-- EXERCISE DESCRIPTION --
Everything in the data that follows should be given again verbatim, except the images.

-- STUDY MATERIAL --
----------------------------------------
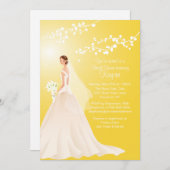 トレンディーイエローブルネットブライドブライダルシャワー招待状 招待状 (正面/裏面)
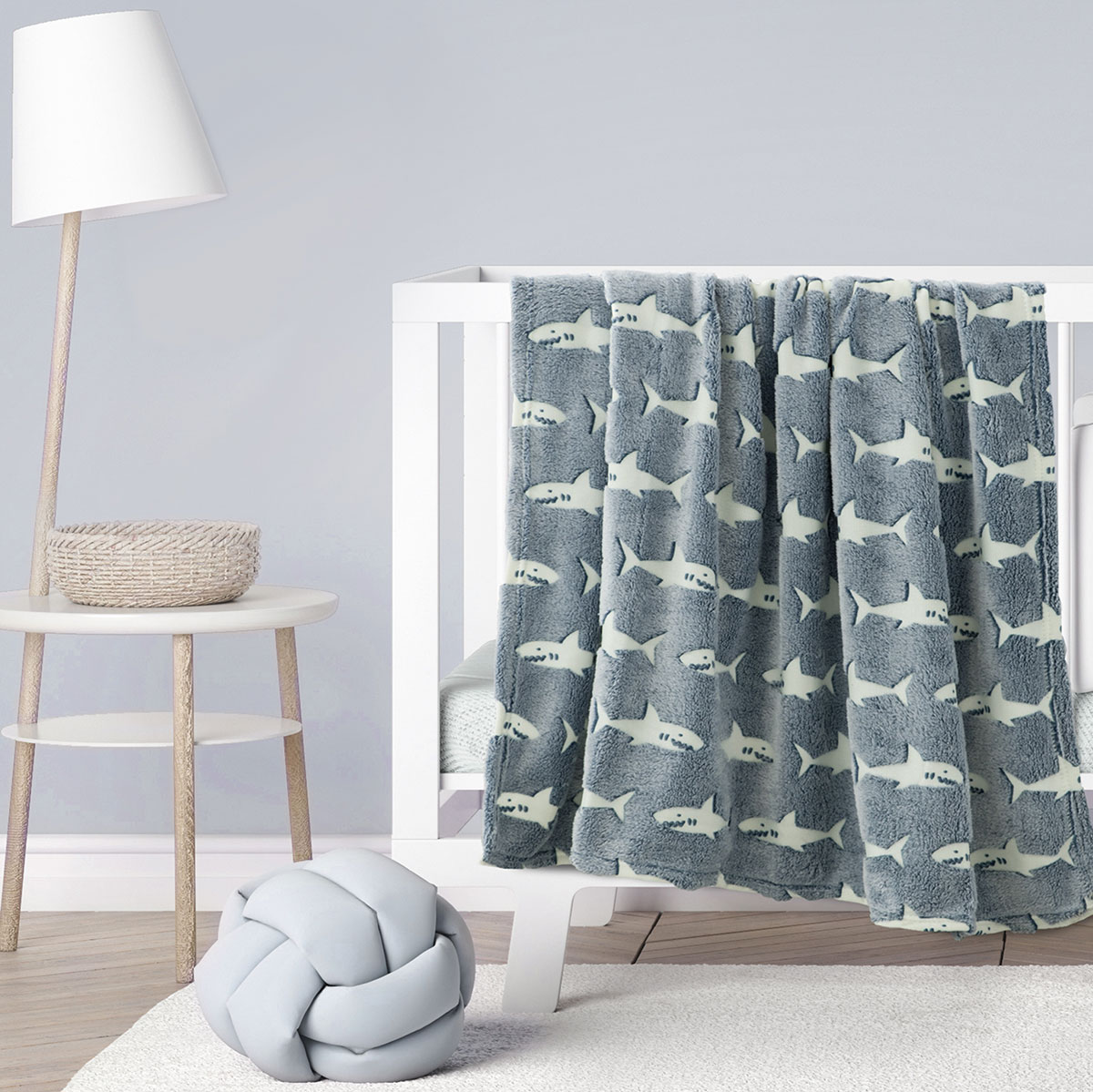 Φωσφοριζέ Κουβέρτα Fleece Αγκαλιάς (80x110) Kocoon Baby Sharky
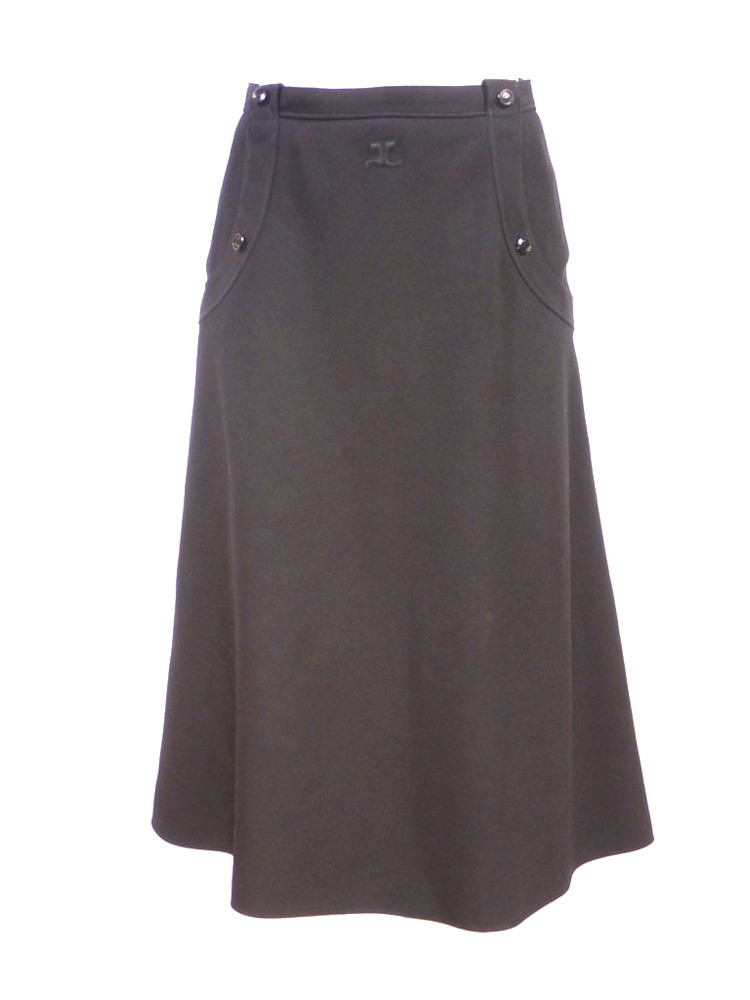 Vintage Courreges Black Wool Midi A-Line Skirt Size A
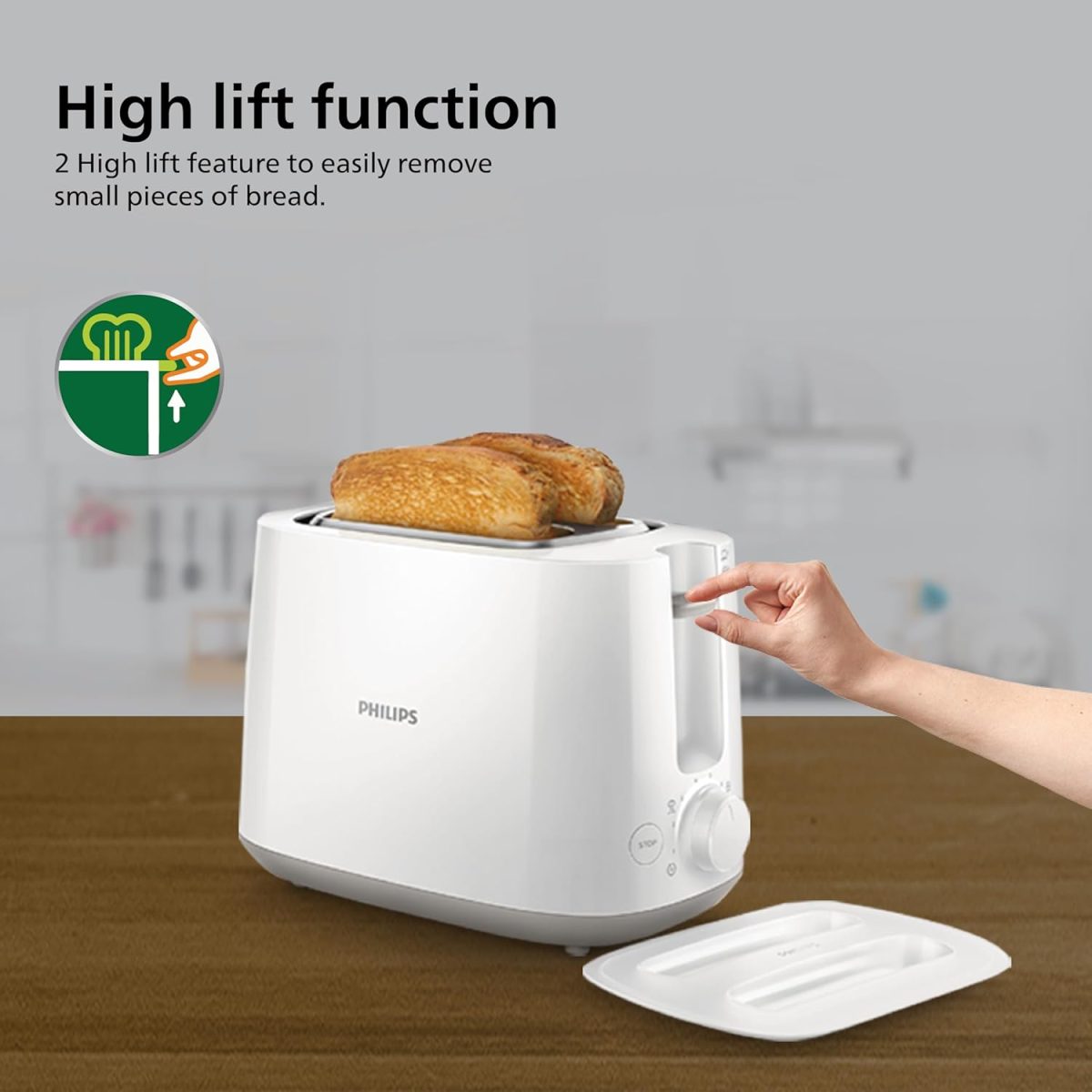 Philips HD2582/00 Two slice Pop-up toaster with bun warmer | 830W | 6 browning settings - Image 5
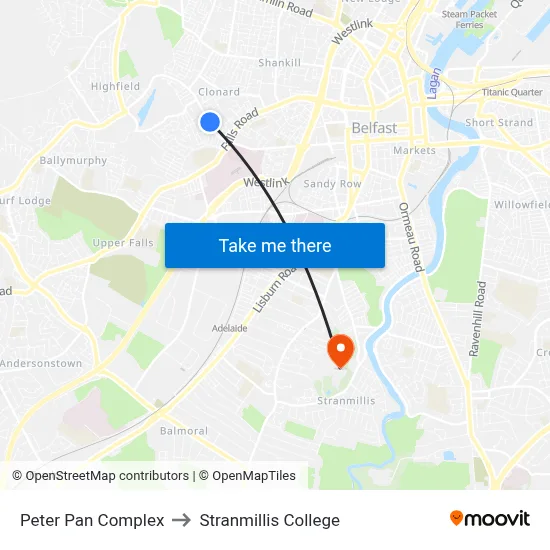 Peter Pan Complex to Stranmillis College map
----------------------------------------
-- FINISHED TASK --
 トレンディーイエローブルネットブライドブライダルシャワー招待状 招待状 (正面/裏面)
 Φωσφοριζέ Κουβέρτα Fleece Αγκαλιάς (80x110) Kocoon Baby Sharky
 Vintage Courreges Black Wool Midi A-Line Skirt Size A
 Philips HD2582/00 Two slice Pop-up toaster with bun warmer | 830W | 6 browning settings - Image 5
 Peter Pan Complex to Stranmillis College map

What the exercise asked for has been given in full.